I don't really buy Bob's examples of supposed liberal fecklessness. They involve things like claiming that lower taxes will bring in more revenue, which has been conservative dogma for years. It's also been the subject of relentless fights. Still, it's true that Limbaugh has said terrible stuff in the past, but it's only SlutGate that's come close to generating a serious level of blowback against him. How come?
I don't know. But I was reminded of a Suzy Khimm piece from a couple of weeks ago that asked a similar question about the proposed ultrasound law in Virginia, which also generated a tremendous amount of liberal protest:
What makes this all slightly surprising is that the Virginia law is not new. Twenty states have ultrasound-related abortion restrictions...So why is an old abortion restriction suddenly coming under fierce protest this time around?
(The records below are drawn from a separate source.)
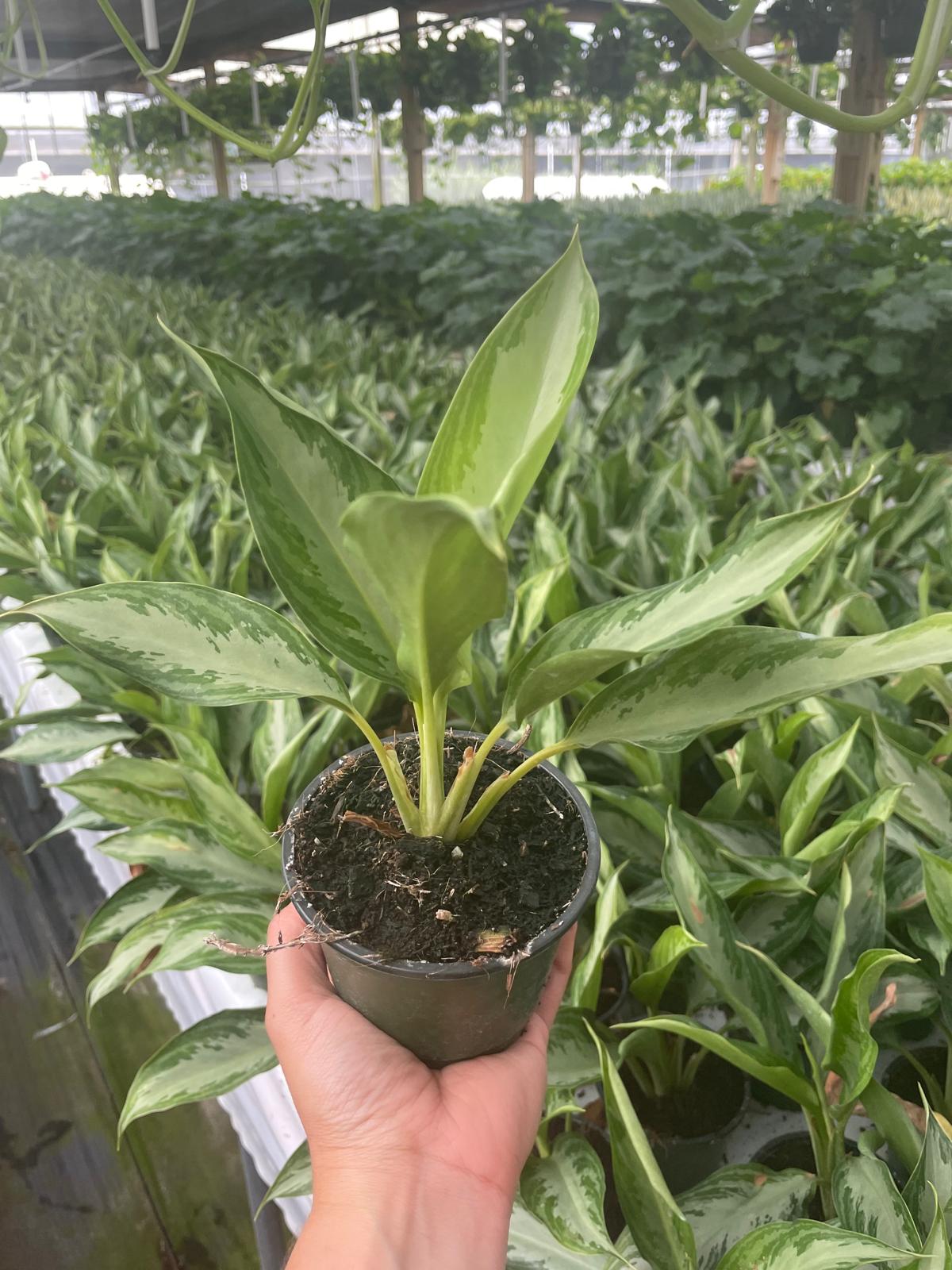 4'' Aglaonema Leprechaun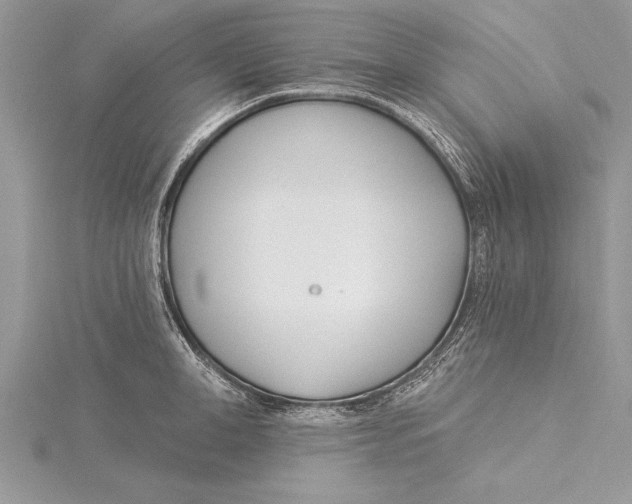 X0000115430998200912020920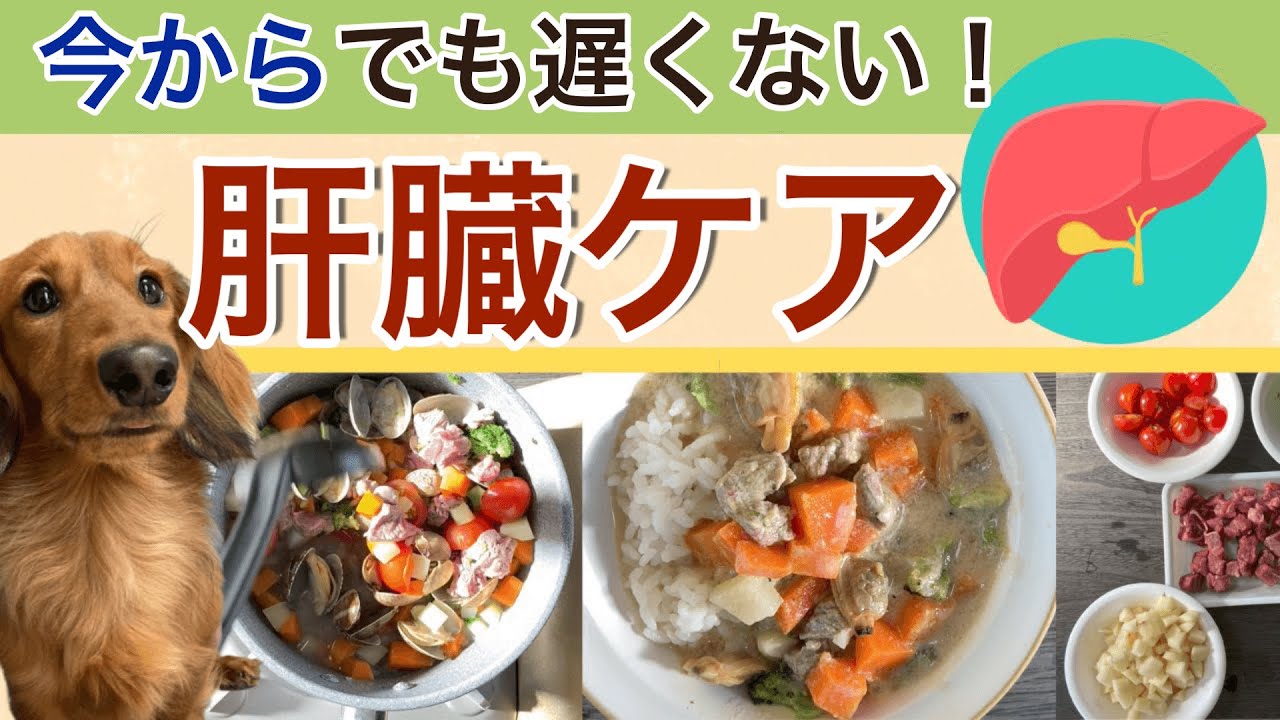 【犬　肝臓】今からでも遅くない！愛犬のための肝臓ケア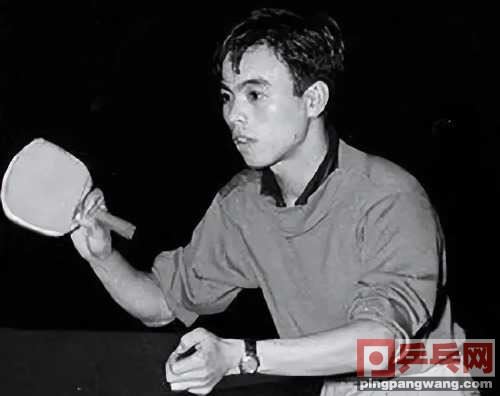 日本乒坛真热闹！去年972人报名全锦赛，今年至少447位选图1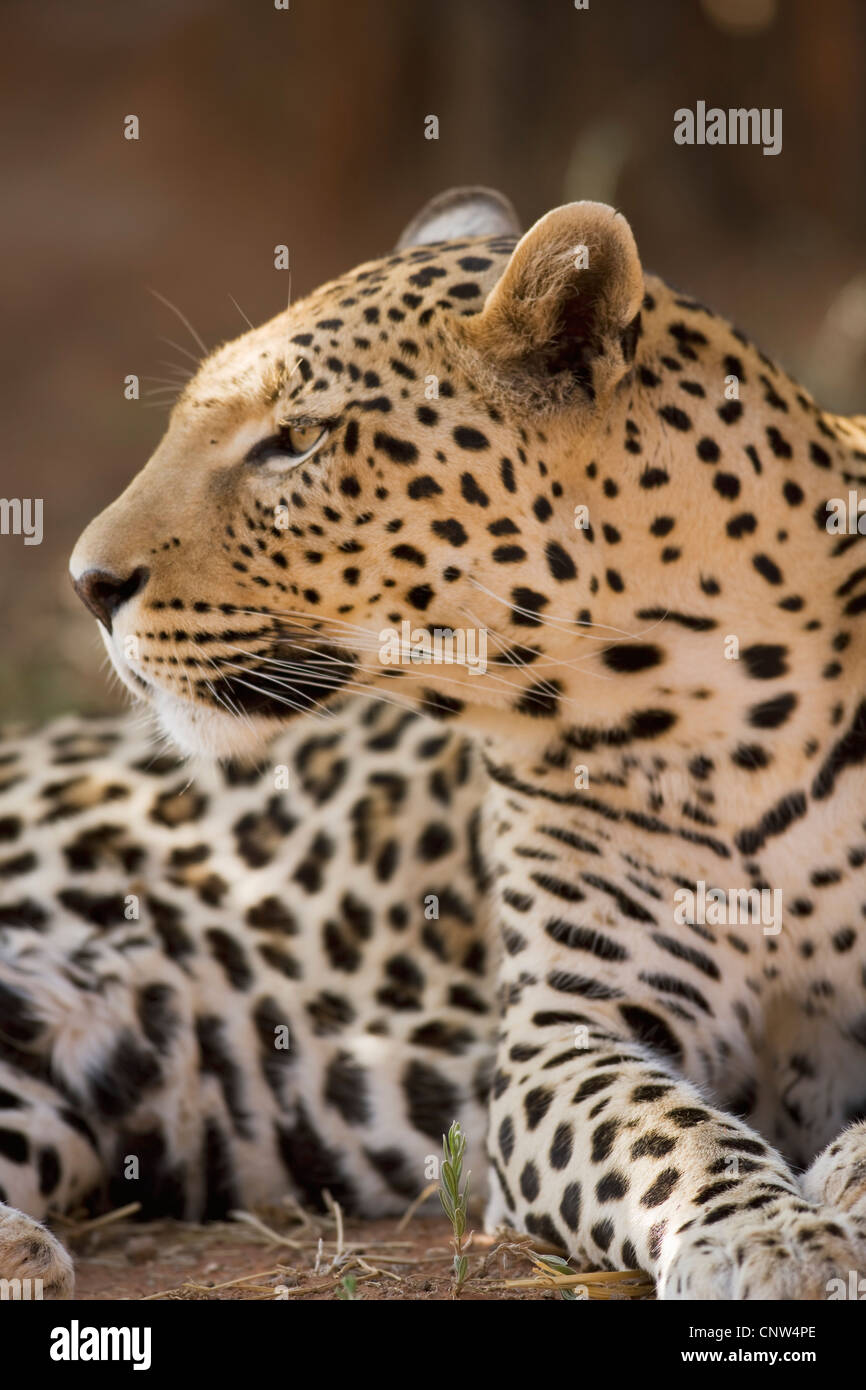 Amur leopard (Panthera pardus orientalis), ritratto, Namibia, l'Okonjima Foto Stock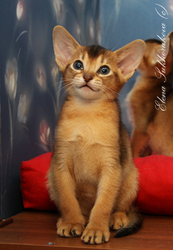 Абиссинский мальчик Амурчик готов согревать ваш дом теплом и улыбками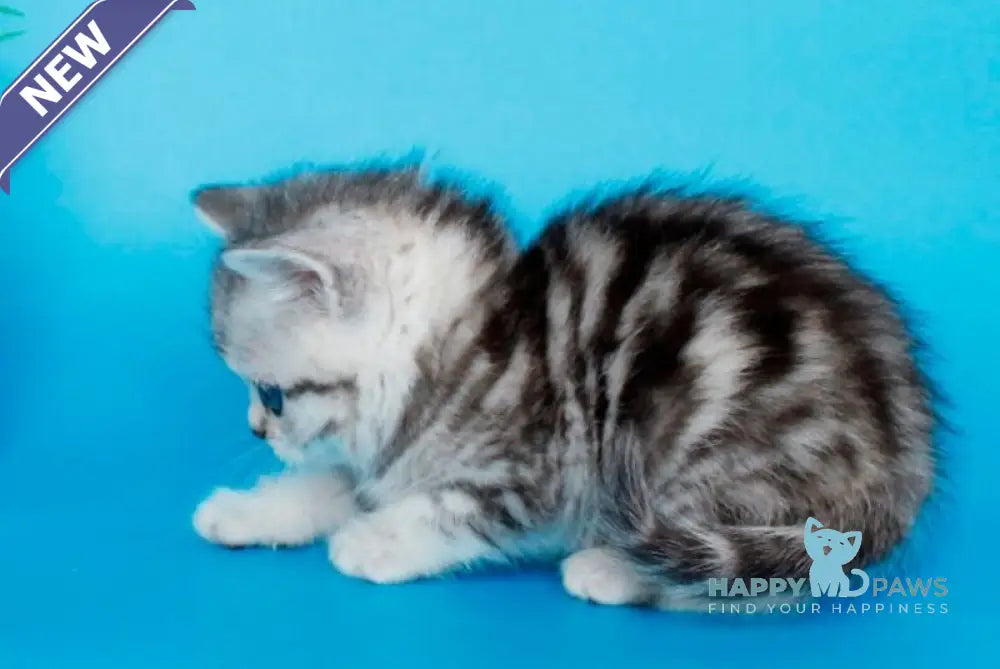 Morel British Shorthair male black silver tabby - live animals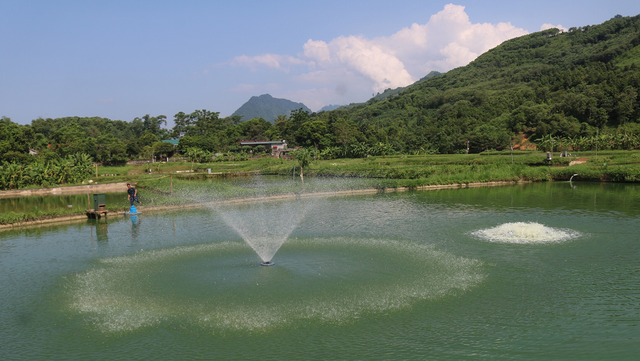 Bỏ phố về quê nuôi con vật to bự hiền như đất, anh nông dân thu về 4 tỷ đồng-2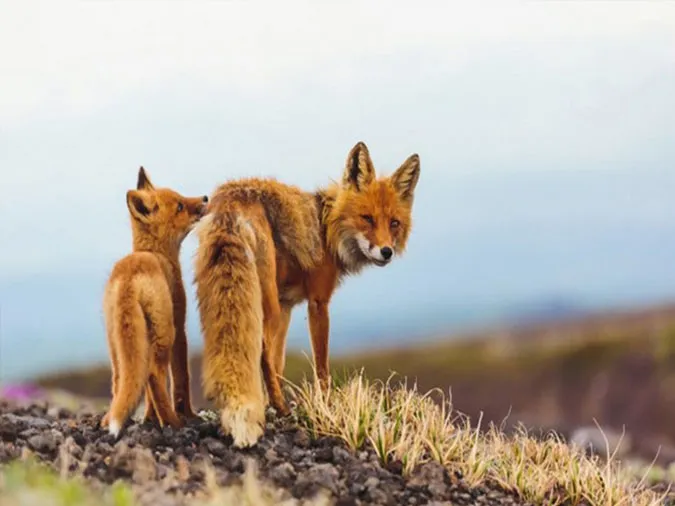 Giải thích ý nghĩa thành ngữ ‘Cáo chết ba năm quay đầu về núi’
Analysts say that a new political landscape, coupled with a shift in abortion rights rhetoric, have allowed opponents to successfully push back against an abortion restriction that has passed with much less protest in a half-dozen other states.
...."In any of these contests, you need to get people passionate," says Anna Esacove, a sociologist at Muhlenberg College who studies abortion politics. "Framing this as rape creates a passionate response for people who are against the laws. Even if people don't think it's rape, it gets people talking about it."
....The messaging reminds some who have followed reproductive health politics of the antiabortion movement's successful rhetoric in pursuing a ban on "Partial-Birth Abortion."..."Partial-birth abortion was really a watershed in terms of rhetoric," says Deana Rohlinger, a sociologist at Florida State University whose research focuses on social movements. "When the National Right to Life tested it, it just tested through the roof, and now it's history."
If this is right, it's bad news for Bob, who's consistently argued against the Foxification of the left and for a tough but fundamentally factual approach to fighting the modern right. But Suzy is suggesting that although the key to success in Virginia was partly better organization, it was mostly about using more incendiary language. Likewise, in the case of Rush, the key to success had nothing to do with his odious point of view. It was all because we could highlight a single word—"slut"—that enraged people.
I don't know if this is correct. I'm just tossing it out for comment. But politics has always been about emotion, not cool logic, and maybe these two recent examples suggest that liberals are rediscovering that lesson. We'll see.